Die taz hatte berichtet, dass die Dresdner Polizei bei den Protesten im Februar eine sogenannte Funkzellenauswertung durchgeführt hat. Dabei wurden sämtliche eingehende Anrufe und Kurzmeldungen aller Personen, die sich am Nachmittag des 19. Februar in der Dresdner Südvorstadt aufgehalten haben, erfasst und gespeichert. Die Behörden wollten so die Täter eines Angriffs auf Polizisten ermitteln. In mehreren Fällen wurden die Handydaten aber zweckentfremdet und flossen in andere Ermittlungsakten ein.

Bundestagsvizepräsident Wolfgang Thierse (SPD) spricht von einem "skandalösen Vorgang", sollten sich die Überwachung bestätigen. "Die Geisteshaltung, die hinter einer solchen Respektlosigkeit gegenüber den Bürgerrechten steht, kann zu einer Bedrohung für die Demonstrationsfreiheit, für Rechtsstaat und die Demokratie werden", sagte er der taz. Thierse hat am 19. Februar gemeinsam mit vielen andere Parlamentariern aus Bund und Ländern gegen den Naziaufmarsch demonstriert.

"Alle rund 15 Abgeordnete meiner Fraktion, die in Dresden dabei waren, werden ein Auskunftsersuchen an Polizei und Staatsanwaltschaft stellen", kündigte Katharina König, Thüringer Landtagsabgeordnete der Linkspartei, an. Sollte sich ergeben, dass auch Handydaten von Parlamentariern ermittelt und gespeichert wurden, werden sie dagegen klagen.

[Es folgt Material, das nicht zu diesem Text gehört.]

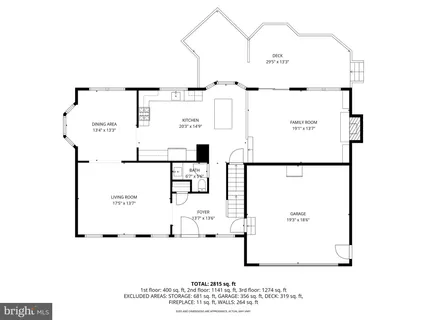 $1,125,000 | 14990 DuFief Drive, Gaithersburg, MD 20878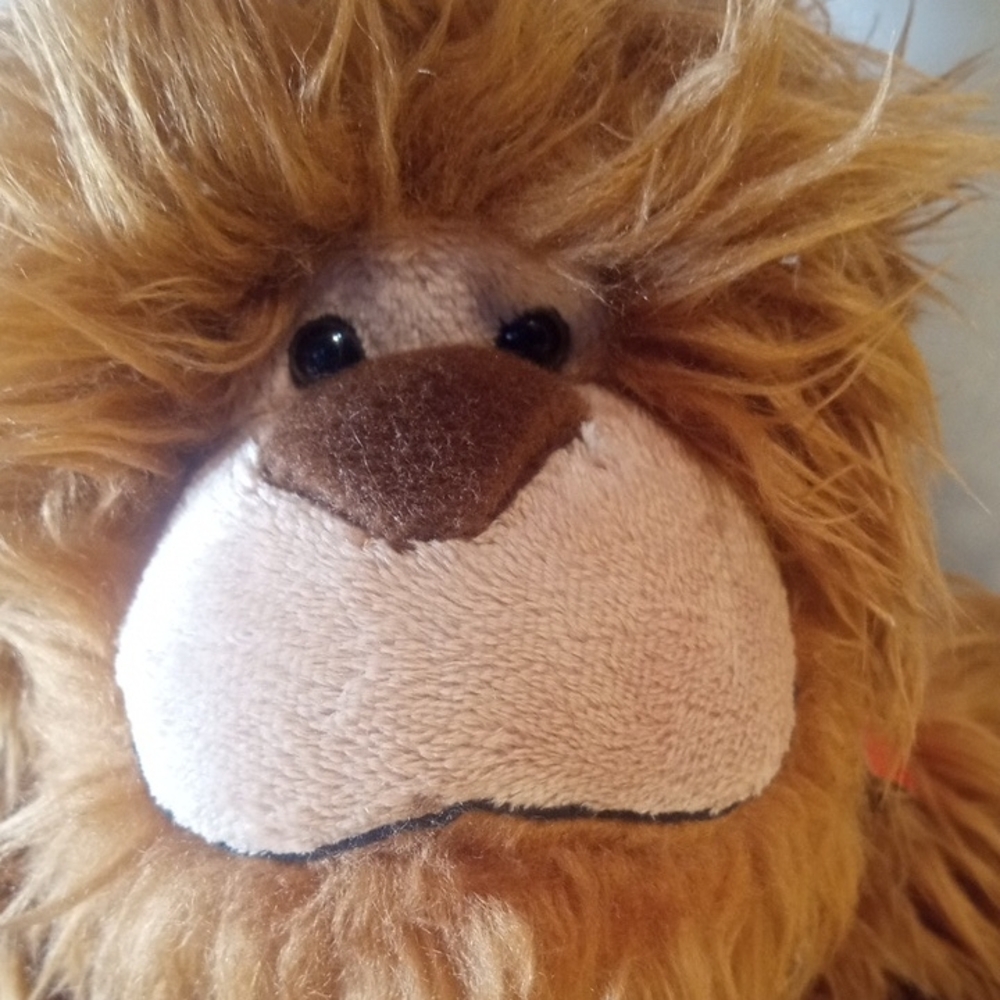 Plush Brown Furry Bigfoot Yeti Sasquatch Toy for Kids & Adults - Picture 12 of 12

Das Bündnis "Dresden Nazifrei" startet ab Mittwoch eine Kampagne, in der alle potenziell betroffenen Demonstranten und Anwohner dazu aufgerufen werden, von ihrem Auskunfsrecht Gebrauch zu machen. Ab Mittwoch soll ein entsprechendes Musterschreiben online verfügbar sein. Nach dem sächsischen Datenschutzgesetz können Bürger kostenfrei Auskunft bei Behörden über ihre gespeicherten personenbezogene Daten, Zweck und Rechtsgrundlage der Verarbeitung sowie Herkunft beantragen.